1). Untuk memenuhi kebutuhan dasar masyarakat serta melindungi hak-hak hukum masyarakat guna menyelesaikan segala perselisihan merka tanpa dipengaruhi oleh faktor internal atau eksternal;

2). Memenuhi doktrin pemisahan kekuasaan negara yang menuntut bahwa Kekuasaan Kehakiman harus independen dari dua pilar negara, yaitu eksekutif dan legislatif,

3). Aturan hukum mengharuskan Kekuasaan Kehakiman bersifat independen, dan

4). Memastikan hak asasi manusia dan kebebasan fundamental kepada anggota masyarakat oleh karenanya Hakim harus diberikan kebebasan dan kekuasaan otonom dari semua faktor internal dan eksternal yang dapat menghambat kemampuan mereka untuk bekerja tanpa rasa takut. 

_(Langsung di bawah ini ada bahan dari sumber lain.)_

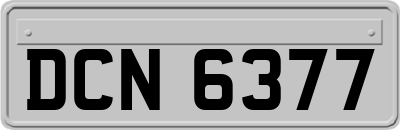 DCN6377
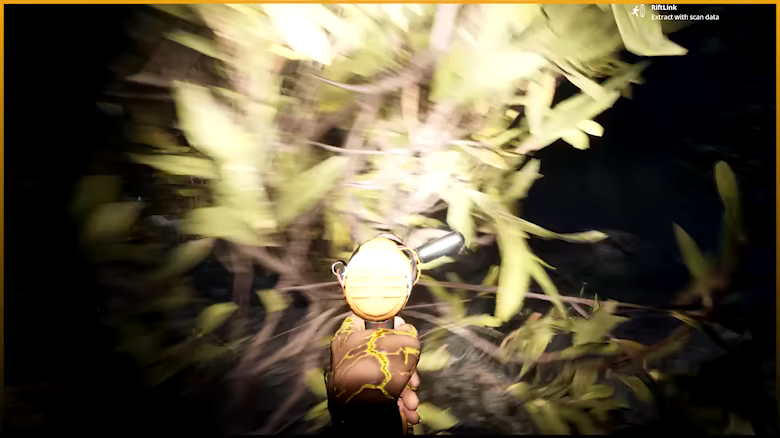 Macabre video 16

 Argumen paling mendasar dalam mendukung akuntabilitas kekuasaan kehakiman adalah untuk mencegah para hakim dan lembaga mereka dari penyalahgunaan kewewenangan dan pelaksanaan akuntabilitas tersebut dapat menunjukkan bahwasanya sistem kekuasaan kehakiman dan hakim seharusnya berfungsi sesuai dengan segala macam petunjuk tertulis dan tidak tertulis serta aturan-aturan hukum yang ada. Argumentasi lain adalah. akuntabilitas merupakan akibat yang wajar dalam menjalankan kekuasaan. Ingat, peran hakim atas penyelesaian perselisihan dan menciptakan keadilan bagi masyarakat sangatlah luar biasa. Peran yang besar tentunya menuntut tanggung jawab secara prosedural dan substantif dari seorang hakim.

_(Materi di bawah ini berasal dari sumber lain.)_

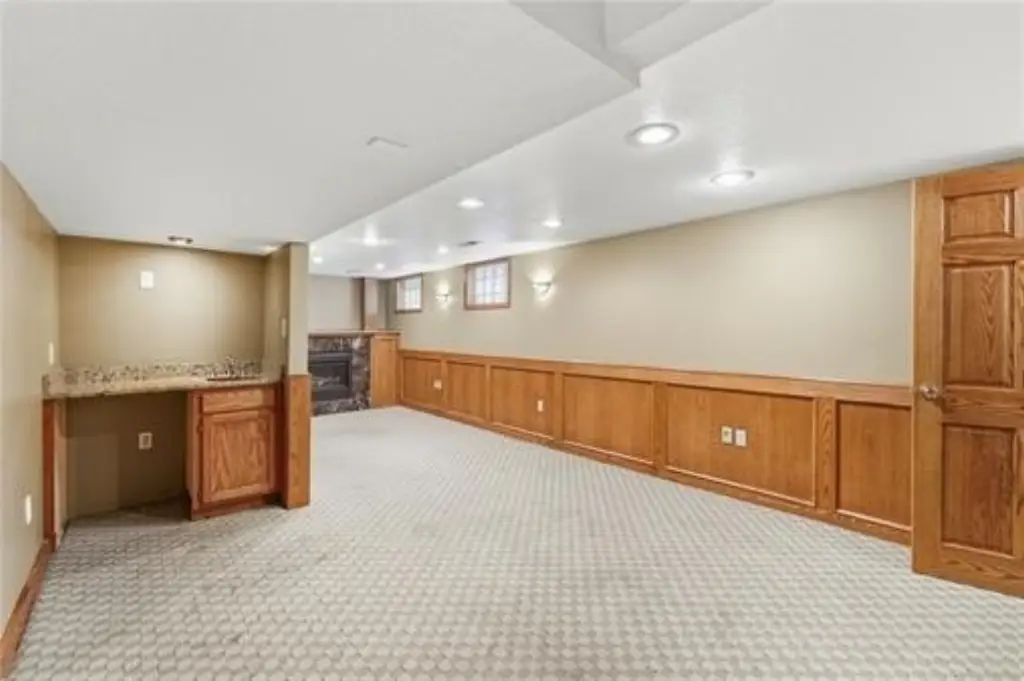 Picture 27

Kiranya perlu dipahami pula bahwasanya ada dua hambatan utama untuk akuntabilitas kekuasaan kehakiman ini yakni konsep kekebalan hukum dan konsep res judicata (putusan hakim adalah tetap benar meskipun keliru). Konsep kekebalan hukum berasal kekuatannya dari prinsip lama bahwa "raja tidak bisa berbuat salah". Bahkan konsep kedaulatan tampaknya tidak dapat didamaikan dengan gagasan tanggung jawab negara.
Rintangan kedua untuk akuntabilitas kekuasaan kehakiman adalah prinsip res judicata. Keputusan-keputusan yudisial yang mencapai finalitas, res judicata, menjadi hukum bagi diri mereka sendiri dan tindakan yang menciptakan hukum tidak dapat melawan hukum. Jadi, setiap keputusan yang salah yang telah mencapai finalitas tidak bisa berfungsi sebagai dasar bagi akuntabilitas hakim. Memang terhadap keputusan yang salah masih bisa diupayakan perlawanan dengan melakukan banding, kasasi atau peninjauan kembali namun hal tersebut tetap dikurung dengan beberapa pembatasan.

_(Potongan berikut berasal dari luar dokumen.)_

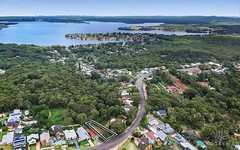 18 Fishery Point Road, Mirrabooka NSW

Yang terbesar dari semua permasalahan penegakan dan pelaksanaan akuntabilitas kekuasaan kehakimana adalah bagaimana memberikan efek sedemikian rupa sehingga independensi kekuasaan kehakiman tidak terganggu. Pada kenyataannya, ini adalah aspek yang sangat halus yang perlu penanganan yang sangat hati-hati. Para hakim tidak bisa dibuat tunduk kepada eksekutif politik atau legislatif, dan tidak boleh pula mereka ditundukkan oleh aturan hukum. Disini diperlukan keseimbangan menguntungkan antara independensi kekuasaan kehakiman dan akuntabilitas dengan menundukkan hakim kepada suatu mekanisme pengawasan yang bertujuan meningkatkan kinerja dan kekuasaan kehakiman tanpa mengurangi isolasi mereka dari kekuatan intrinsik dan ekstrinsik.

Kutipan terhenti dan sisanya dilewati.